Robert Cowie’s tearful testimony, coupled with the opposition of then-Sen. John Thrasher, a St. Augustine Republican who took over last month as president of FSU, helped end the bill’s chances.
“(Thrasher is) the one who shut it down in the Senate,” Steube said. “It appears to be a very personal issue with him.”
Steube said he now believes “there’s more of a chance that we could get it through the Senate this year.” The Senate sponsor of Steube’s bill, Sen. Greg Evers, R-Baker, was also the sponsor of the 2011 measure.
In the wake of last month’s shooting, a group called Students for Concealed Carry at FSU called for Thrasher to reconsider his stance on allowing guns on campus. The group also said Nathan Scott, a Strozier Library staffer who was shot in the leg, was one of its members. Erek Culbreath, the group’s president, argued that Scott and another man, a U.S. Army Infantry combat veteran who “had a clear shot at the shooter,” had the training and skills necessary to end the shooting but were powerless to do so under current law.
“We have seen that the current “Gun-Free Zone” policies have done nothing to curb violence, both in our state and nationwide,” Culbreath wrote in a Nov. 24 news release. “As criminals don’t abide by these policies, they only serve to prevent victims from having the ability to defend themselves and their peers.”
National Rifle Association lobbyist Marion Hammer said Steube’s bill didn’t originate with the NRA, but she supports it on the grounds that law-abiding citizens who are licensed to carry concealed weapons shouldn’t be prevented from carrying firearms in places where they may be in danger.

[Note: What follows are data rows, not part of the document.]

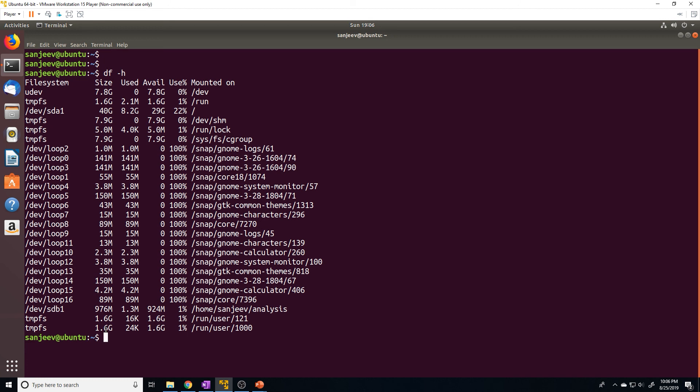And that pretty much wraps up what I had for you guys. When it comes to formatting file systems and mounting them, it's pretty straightforward.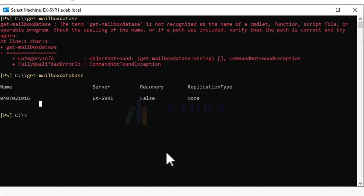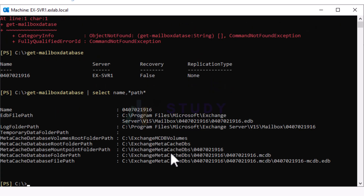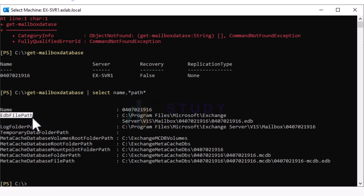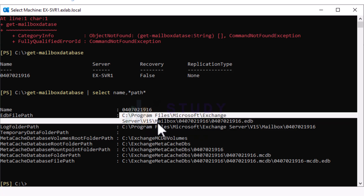So how do we find out? We do Get-MailboxDatabase and then pipe it and select Name and also Path. This is how we know where that database is located. We can see the database is the EDB Exchange database file path, and it is located on the C drive.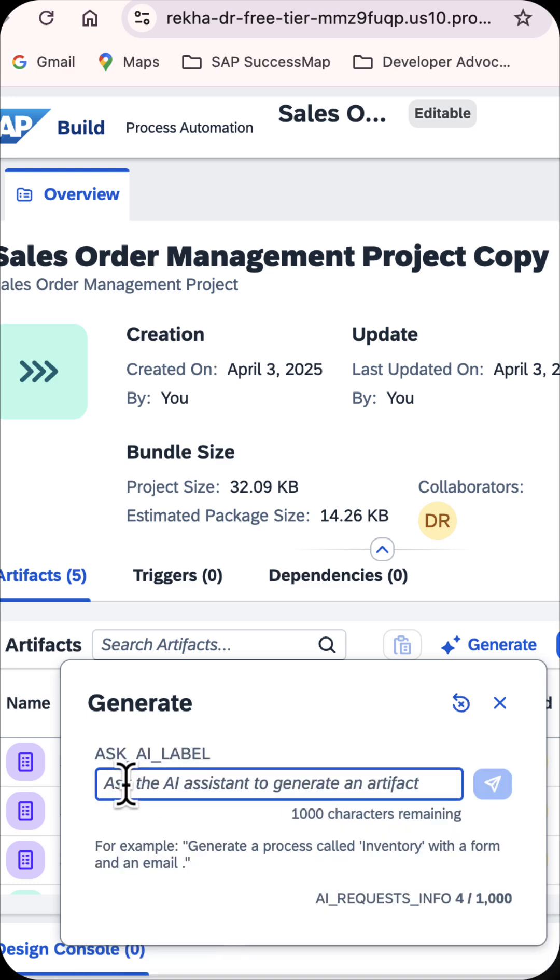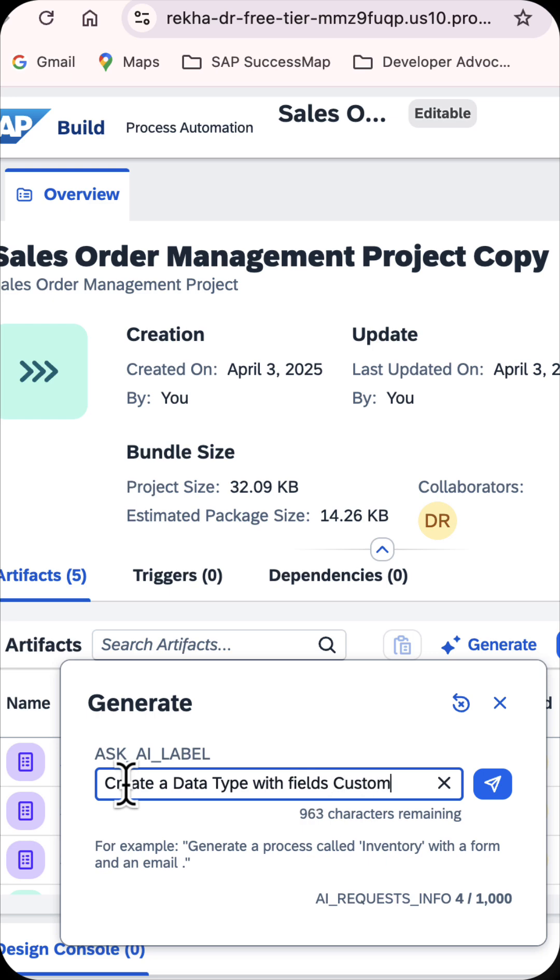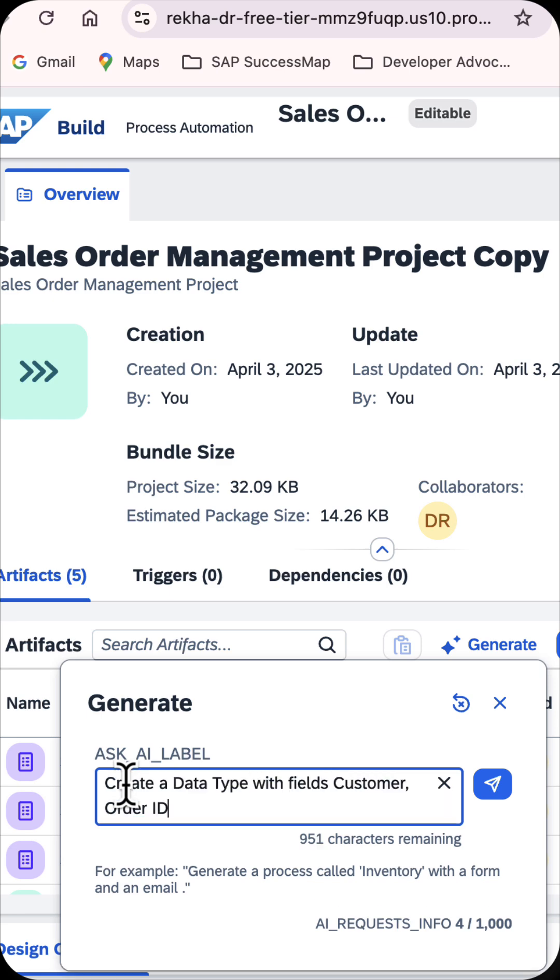Provide the natural language command or prompt. Create a data type with fields, Customer, Order ID, Material, Quantity.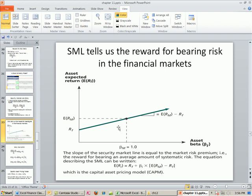Let's look at a graph of this. The Security Market Line starts at the risk-free rate. At any particular point, the slope is always going to be the same — it's the return on the market minus the risk-free rate. This is for well-functioning financial markets like the New York Stock Exchange. At beta equals 1, the expected return equals exactly the expected return on the market. There are some betas less than 1, some greater than 1, and there are even some that are negative.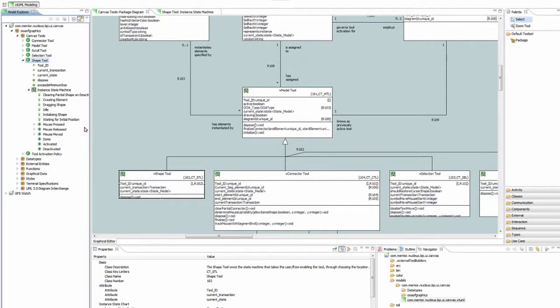Let's take a further look at Instance State Machines. In this example, let's look at the UICanvas project, which models a graphical drawing tool.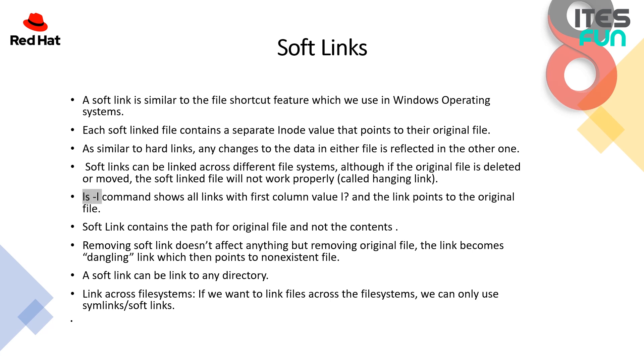Soft links can be linked across different file systems. Although if the original file is deleted or moved the soft linked file will not work properly and we can say that state as hanging link. This feature is not available under hard links. ls -l command shows all the links with first column value and the link points to the original file. The soft link contains the path of the original file but not the contents, whereas in the hard links it contains the content as well.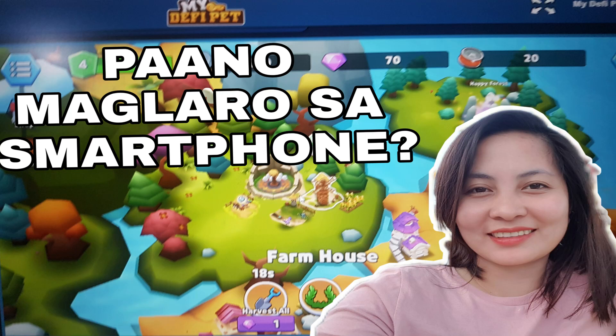What's up mga ka-Stambay! Welcome back to our channel! Thank you so much for watching our first video about the step-by-step tutorial in creating an account for MyDefi Pet.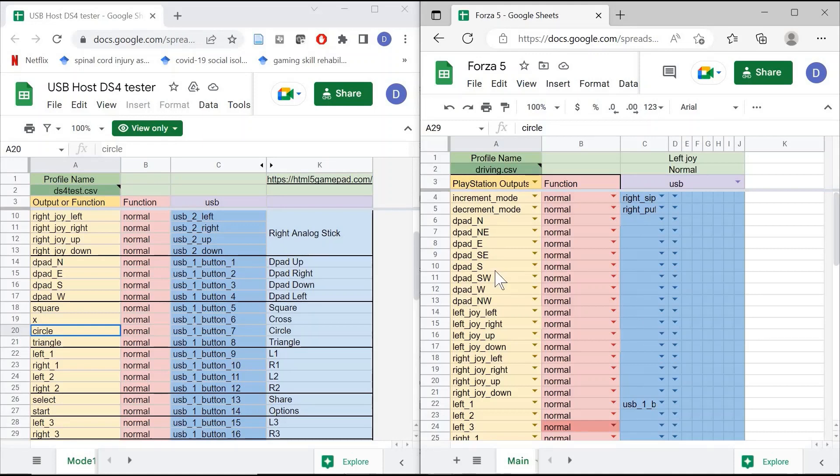This is very tedious and it is a lot of work, but it allows you to remap a controller and use it alongside the QuadStick to play games.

“The Constitution gives you the right of self-defense,” Hammer said. “Those rights are being usurped, and people are not getting the opportunity they are guaranteed.”
But House Minority Leader Mark Pafford, D-West Palm Beach, said the answer to gun violence isn’t more guns. He also said he’d be more inclined to support the cost of additional security rather than allowing more guns at state universities and colleges.

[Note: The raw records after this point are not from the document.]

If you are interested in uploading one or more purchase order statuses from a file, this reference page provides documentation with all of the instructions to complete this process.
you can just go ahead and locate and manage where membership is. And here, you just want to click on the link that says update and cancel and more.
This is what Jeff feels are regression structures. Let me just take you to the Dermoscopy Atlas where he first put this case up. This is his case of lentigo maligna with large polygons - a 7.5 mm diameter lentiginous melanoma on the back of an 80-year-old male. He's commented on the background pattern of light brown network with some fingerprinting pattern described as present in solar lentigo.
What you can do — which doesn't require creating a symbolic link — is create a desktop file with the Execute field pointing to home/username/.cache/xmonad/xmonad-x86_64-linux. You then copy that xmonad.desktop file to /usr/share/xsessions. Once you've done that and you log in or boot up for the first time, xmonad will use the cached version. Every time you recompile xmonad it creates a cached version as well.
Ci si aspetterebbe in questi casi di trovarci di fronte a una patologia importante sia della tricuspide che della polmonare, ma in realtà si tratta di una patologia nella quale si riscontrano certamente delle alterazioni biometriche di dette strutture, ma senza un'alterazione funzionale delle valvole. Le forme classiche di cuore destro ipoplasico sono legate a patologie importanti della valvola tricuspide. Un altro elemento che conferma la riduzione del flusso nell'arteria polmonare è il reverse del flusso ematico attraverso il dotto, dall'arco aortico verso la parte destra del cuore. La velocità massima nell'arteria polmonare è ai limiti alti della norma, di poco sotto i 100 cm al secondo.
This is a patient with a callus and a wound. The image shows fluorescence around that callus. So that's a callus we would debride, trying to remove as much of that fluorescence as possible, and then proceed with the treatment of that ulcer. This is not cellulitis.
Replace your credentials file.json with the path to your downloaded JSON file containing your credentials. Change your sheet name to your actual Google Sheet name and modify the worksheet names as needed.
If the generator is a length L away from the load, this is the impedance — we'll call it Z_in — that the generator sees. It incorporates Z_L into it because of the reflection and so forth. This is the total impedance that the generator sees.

“We look at these things differently, based on where we come from throughout the state,” Pafford said. “Discharging a weapon where I live, the probability of hurting somebody is a lot higher because we are not living one person on 20 acres.”
Both Pafford and Steube cited their children as the reasons for their stances. Pafford said he’d be more concerned for his two children, who are students at the University of Central Florida, if more people were carrying weapons on campus.
But Steube, who is also sponsoring a bill (HB 19) that would allow school superintendents to designate people who could carry guns on public-school grounds, said he “wasn’t comfortable” with the possibility that his 4-year-old son wouldn’t be protected at school.
“Your kids are defenseless until help arrives,” he said, citing police response times of six to 11 minutes at schools in suburban areas. He said response times are longer in rural areas.
Pointing to the mass slayings in Newtown, Conn., in 2012, Steube noted that shooter Adam Lanza killed 20 children, six adults and himself in less than four minutes.